How it all began.
You know from my Welcome page that I got a late start on my writing career–if I can call it that. When I published my memoirs, The View From the Rigging, in 2016 and my novel, It’s My Turn, later in 2019, I presented readings for book clubs, service organizations, book stores, and regional libraries. I enjoyed the informal discussions and the always interesting Q & A sessions that followed. Questions were content specific as well as behind the scenes how-do-I-write questions.
Q. I know your daughter encouraged you to write down your Coast Guard stories for the grandchildren. How did that come about?
ANS. Kimberly and her friend, Dr. Nancy McCabe were “gymnastic moms” chaperoning a fund-raising car wash in a shopping mall. When I stopped to contribute, they talked me into taking Nancy’s upcoming class in memoir writing. It sounded interesting, and I did want to do it sometime for Kimberly and the kids. The timing was right. So, at age 76, I gave new meaning to Dr. McCabe’s “senior seminar.” My goal was to put together a nice three-ring notebook of stories for the kids.
Q. It obviously did not stop there.
ANS. No. I had fun in the class. I was surprised with the young students’ interest in my stories. They encouraged me to submit one to Baily’s Beads, the school literary journal. It was published. I was hooked. Baily’s published four more “chapters” as I kept working on the book.
Q. How long did all this take.
ANS. After the memoir class, I embarked on a nearly six-year journey of self-study. I kept writing for Baily’s Beads, bought a significant library of writing books, subscribed to two writing magazines, followed author blogs and websites, and started a writing workshop. I was into it! After I published my memoirs, I was so intrigued and involved with creative non-fiction style, I wanted to take on a novel. That was a three-year effort.
Q. Will you share a list of the study material you found most helpful?
ANS. I plan to. When I get it together, you will find it under the “writing” menu on this site.
Q. Do you have any advice for others who may think they are too old to start writing?
ANS. Absolutely! Stop thinking that way! Don’t be intimated by the effort. Don’t start writing a book––write one story, then another, one at a time. You’ll know when you’ve got a book.

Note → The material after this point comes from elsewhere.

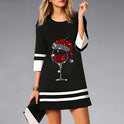 Women's Christmas Mini Dress – Reindeer Graphic, Stripe Trim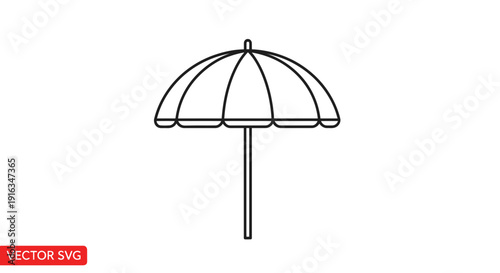 Simple Line Art Icon of an Open Umbrella on White Background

I found this Mark Twain quote inspirational and offered it for others in the frontispiece of View From the Rigging.
“Twenty years from now you will be more disappointed
By the things you didn’t do than by the ones you did do.
So, throw off the bowlines, sail away from the safe harbor,
Catch the trade winds in your sails.”
I recently met with a book group to discuss my novel, “It’s My Turn.” They had questions.
Q. Inquiring minds wonder––how does a retired Captain choose “women’s fiction” as the genre for his first novel.
Ans. I didn’t really. I had a good story I wanted to share that happened to be about a woman. I discovered that Publishers have long lists of narrowly defined genres’; mystery, sci-fi, romance, coming of age, historical fiction, etc. They expect authors know what kind of book they’re writing, by genre. A little research placed my story in genre “women’s fiction.” There’s an official definition, but I define that as a story with a woman as the star and her changes and emotional development are the subject. It’s about women’s empowerment. There’s not much option. Maybe Contemporary Romance, but that’s still a little vague.
Q. It’s not actually about cross-dressing, then is it?
Ans. That’s right. I didn’t want it to be. Arvid’s cross-dressing was one of several sources of marital conflict. That’s another publisher’s rule:There must be conflict. I felt it might make my book stand out from the run-of-the-mill cliched conflicts; husband runs around, wife has an affair with the pool boy, husband commits a crime, etc.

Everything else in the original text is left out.